Police say two men seen speeding away in a boat from a fire at Cecil Peak have denied any involvement.

The scrub fire caught hold on the lower slopes of Cecil Peak, directly across Lake Wakatipu from Queenstown Bay, at 8pm last night.

It is now under control and rural fire crews and helicopters from Queenstown's council and the Department of Conservation are onsite damping down hotspots.

Police spoke to two men who disembarked from a boat in Queenstown Bay last night.


"The boat was seen speeding away from the area,'' senior constable Chris Blackford said.

"They were spoken to but denied any involvement. Inquiries are ongoing.''

A total prohibited fire season is in force across the Queenstown Lakes District.

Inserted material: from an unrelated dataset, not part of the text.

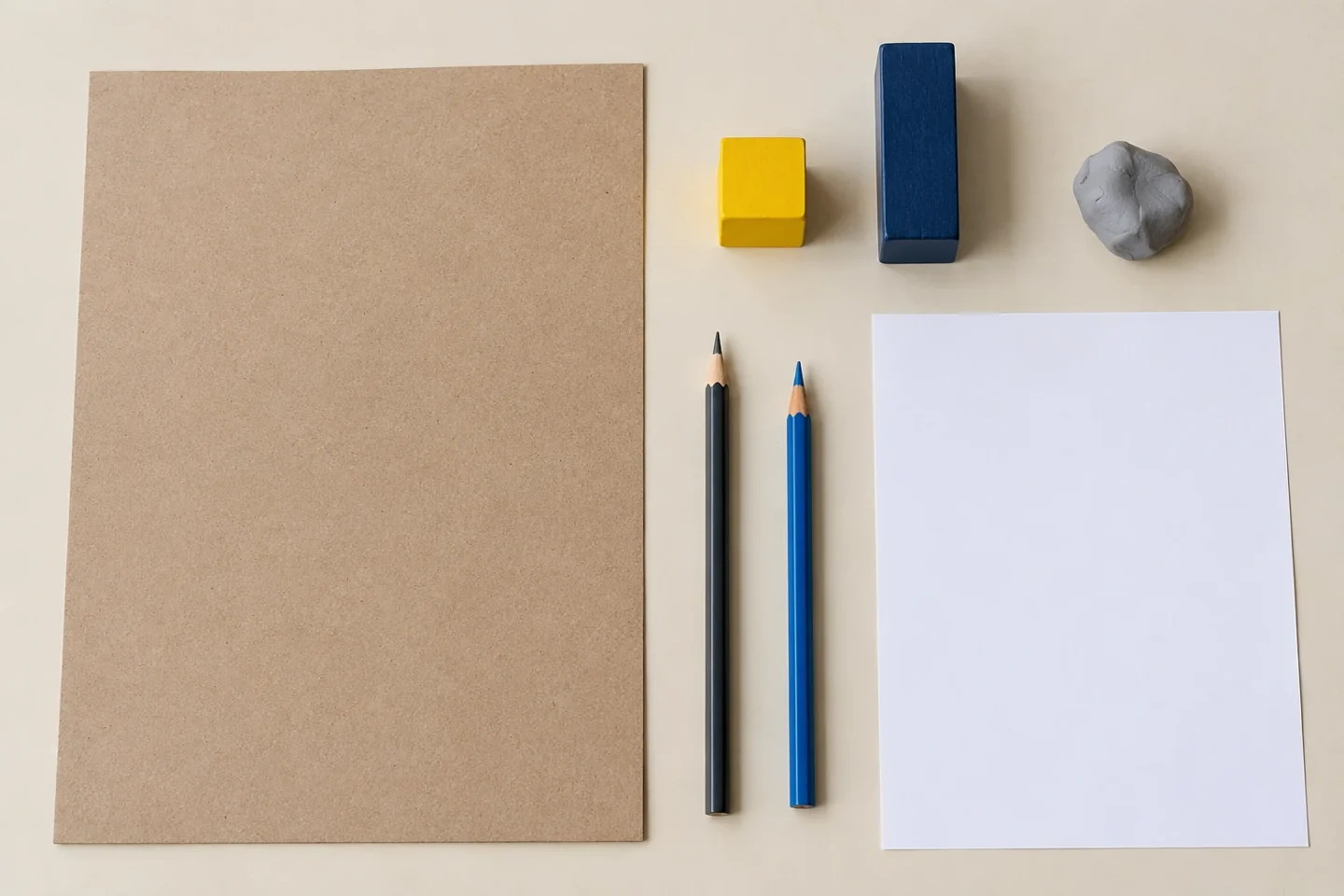 One 25 by 35 cm blank cardboard sheet, two opaque blocks, small modeling clay portion, pencil, blue colored pencil and blank recording paper, separate on a dry tabletop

Once the cause of the fire is established, if those responsible can be identified, they will be liable for the costs of fighting the fire, the council's operations general manager Ruth Stokes said.

The large fire sent smoke billowing across the bay.

Before dark last night a helicopter was used to inspect the blaze and the surrounding area to check that no-one was in the vicinity.

Ms Stokes said no fire crews were sent to the site last night because the risk to life from fighting fires in the dark outweighed the need to bring the fire under control, given its remote location and the terrain.

There is no suggestion that the landowner had been responsible for the blaze, and everything else was speculation at this point, she said.

An aerial inspection at first light assessed the fire as being well under control.

DoC's incident controller Mark Mawhinney says the prevailing calm and humid conditions last night and forecast for this morning had minimised risk that the fire would have spread overnight.

The peak isn't home to any houses or residents but is the site of a newly unveiled high-altitude golf tee officially opened by Prime Minister John Key last week.